Pasolini

PASOLINI
Theater St. Gallen, Premiere 23. Februar 2010

„Mit der Uraufführung eines eigenen Tanzstücks hat Marco Santi, der neue Chef der Tanzkompanie am Theater St. Gallen, seinen „Einstand“ nun auch auf der großen Bühne gegeben, nachdem er zuvor bereits zwei Produktionen im Foyer und im Studio herausgebracht hatte. „Pasolini“ ist der Versuch einer Annäherung an das Schaffen des 1975 im Alter von 53 Jahren ermordeten Filmregisseurs und Literaten Pier Paolo Pasolini, gesehen aus der Optik seines 17-jährigen Mörders Pino Pelosi. Doch der Ermordete scheint allgegenwärtig: in Szenen, die Ausschnitten aus seinen Filmen nachempfunden sind; in Texten, auf einen Autoreifen geschrieben oder auf den Boden projiziert; in Videopassagen auf durchschimmernder Leinwand – besonders eindrücklich die ratternde alte Schreibmaschine, mit der eine unsichtbare Hand Wort an Wort und Zeile an Zeile reiht; in Bildern von poetischer Intensität, aber ebenso in Auftritten voll ungezügelter sexueller Aggressivität.

Die Bilder reihen sich aneinander ohne äußeren Zusammenhang, und doch entsteht allmählich ein Erzählstrang, der sich durchzieht durch die ganze Aufführung, geknüpft aus Episoden, die unmittelbar an Filme oder Filmszenen anknüpfen, andern, die wiederkehrende Themen im Werk Pasolinis aufgreifen und variieren.

Dem Körperstaccato in den Szenen „Ragazzi di vita“ oder „Vergewaltigung“ – in ihrer erbarmungslosen Direktheit nur schwer erträglich – steht das traumhafte Erscheinen der „Callas“ gegenüber, während Alberto Franceschini in „Ninetto“, einer dem langjährigen Geliebten und Freund des Künstlers gewidmeten Szene, in einer fast zärtlich wirkenden Pantomime mit vier Autoreifen spielt, sie bald über die Bühne rollt, bald als Turngerät benutzt.

Und irgendwo oder irgendwann erscheint immer wieder Pino Pelosi (Sebastian Gibas): Er mischt sich unter die „Ragazzi di vita“, schleicht das Paar an, das sich in hemmungsloser Gier umschlingt, liegt als stiller Beobachter am Rande der Bühne.

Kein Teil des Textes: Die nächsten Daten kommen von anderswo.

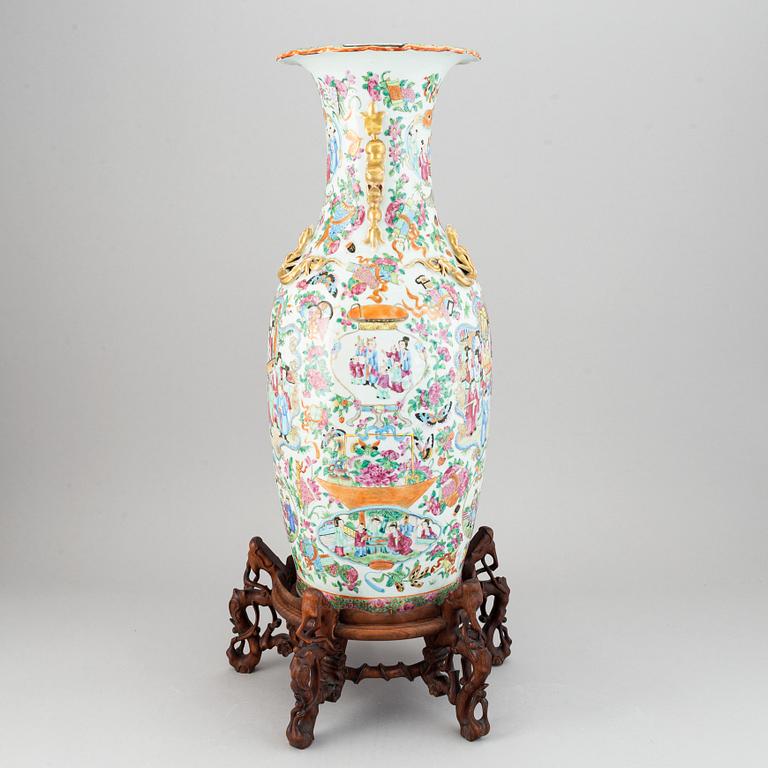 A large famille rose Canton vase, 19th Century.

Mühsam entziffert er den auf einen Pneu geschriebenen Text, stotternd, manchmal zwei- oder dreimal ansetzend, allmählich begreifend und aus dem Begreifen in ein irres Lachen verfallend. Solche Bilder sind gleichsam Kontrapunkte zwischen manchen schrillen Passagen, setzen dem Lauten das Leise entgegen; sie bleiben haften, während die brutalen Szenen vorab durch akrobatische Virtuosität und eine die zwölf Tänzerinnen und Tänzer bis zum Äußersten fordernde Aggressivität beeindrucken, bisweilen gar abschrecken. In diesen stillen Momenten ist ein anderer Pasolini gegenwärtig – ein verletzlicher, an seiner Zeit leidender und letztlich zutiefst pessimistischer Mensch. Ihm vor allem scheint sich Marco Santi in seiner choreografisch differenzierten Inszenierung zu nähern, unterstützt darin durch die Musik, in der Roderik Vanderstraeten J. S.Bach und Antonio Vivaldi ebenso und durchaus „wörtlich zitiert“ wie Rhythmen der sechziger und siebziger Jahre des letzten Jahrhunderts. Und die Bühne, von Katrin Hieronimus mit hohen Stellwänden flexibel gestaltet, lässt zusammen mit Guido Petzolds Lichtgestaltung Raum – für den Tanz, die Bewegung, doch nicht minder für Weite und Tiefe und ein Hinausgreifen in geistige Räume.“ (Peter E. Schaufelberger)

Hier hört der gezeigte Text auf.